Other researchers have recognized that a physical barrier or so-called "diffusion barrier" to diamond/binder interaction may improve adhesion by preventing interaction between the binder phase and the diamond film. Proper selection of such a layer may also reduce residual stresses between the diamond film and the underlying substrate by selection of an interlayer material having a coefficient of thermal expansion with a value between those of the film and underlying substrate. However, the interlayer approach is not preferred because it is complicated, expensive, and does not result in the increase in interfacial toughness which other techniques achieve.
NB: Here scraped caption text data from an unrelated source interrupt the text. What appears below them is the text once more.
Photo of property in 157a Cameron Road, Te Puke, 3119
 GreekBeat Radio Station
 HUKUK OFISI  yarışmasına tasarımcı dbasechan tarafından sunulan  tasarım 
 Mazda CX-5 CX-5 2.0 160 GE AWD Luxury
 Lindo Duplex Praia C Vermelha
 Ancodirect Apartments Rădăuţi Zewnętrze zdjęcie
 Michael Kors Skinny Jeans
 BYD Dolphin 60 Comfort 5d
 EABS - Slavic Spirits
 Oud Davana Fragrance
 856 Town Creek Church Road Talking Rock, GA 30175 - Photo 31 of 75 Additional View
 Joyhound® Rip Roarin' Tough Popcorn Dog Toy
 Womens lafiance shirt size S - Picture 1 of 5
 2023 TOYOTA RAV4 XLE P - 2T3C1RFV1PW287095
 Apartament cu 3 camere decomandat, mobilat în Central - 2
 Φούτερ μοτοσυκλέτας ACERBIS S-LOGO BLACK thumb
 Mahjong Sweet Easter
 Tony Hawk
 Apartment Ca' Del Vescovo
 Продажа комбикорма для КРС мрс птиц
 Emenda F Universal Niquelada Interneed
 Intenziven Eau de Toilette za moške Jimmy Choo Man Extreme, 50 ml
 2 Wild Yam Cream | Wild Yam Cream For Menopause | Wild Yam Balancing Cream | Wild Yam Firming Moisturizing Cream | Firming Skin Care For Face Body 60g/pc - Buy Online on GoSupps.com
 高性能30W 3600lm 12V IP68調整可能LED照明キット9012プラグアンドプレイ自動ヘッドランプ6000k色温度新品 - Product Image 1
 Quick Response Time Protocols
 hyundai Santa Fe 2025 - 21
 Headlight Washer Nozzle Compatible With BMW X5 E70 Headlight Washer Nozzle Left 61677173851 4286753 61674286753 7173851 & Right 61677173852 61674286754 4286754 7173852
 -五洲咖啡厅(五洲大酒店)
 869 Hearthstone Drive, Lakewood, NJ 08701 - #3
The U.S. Pat. No. 5,415, 674 issued to Feistritzer et al. discloses a technique to vaporize and re-crystallize surface WC grains. This process is a significant improvement over methods which produce a sub-surface binder-depleted region. However, this process is carried out at a temperature too low for rapid grain growth of the free surface WC grains. There is no discussion of the important details of free surface chemical composition or structural features of the free surface of the WC-Co which are necessary for adhesion of the diamond film under abrasive conditions as described above.
The U.S. Pat. No. 5,100,703 issued to Saijo discloses a process for treating WC-Co having a binder phase of 4 wt % (weight percent) or less by using a decarburizing gas comprised of oxygen and hydrogen between a temperature of 500 and 1200 C. (centigrade). While decarburization of the free surface WC grains promotes re-carburization during CVD diamond deposition and thus promotes chemical bonding between the diamond film and substrate, the method disclosed in this patent results in a free surface in which the WC grains are smaller than the WC grains in the bulk. This process therefore does not contain the crack deflection or interfacial toughening mechanism essential for highly abrasive applications.
The U.S. Pat. No. 5,648,119 issued to Grab et al. discloses the formation of a roughened substrate to improve the "mechanical component of adhesion". However, the excessive roughness of the surface described limits the utility of the diamond-coated article by resulting also in a rough surface for the diamond coating.
There is a need for a process for coating a cemented carbide article with a strongly adherent diamond film by which both the mechanical and chemical components of bonding are optimized, while at the same time the structural characteristics of the interface are designed to maximize crack deflection phenomena.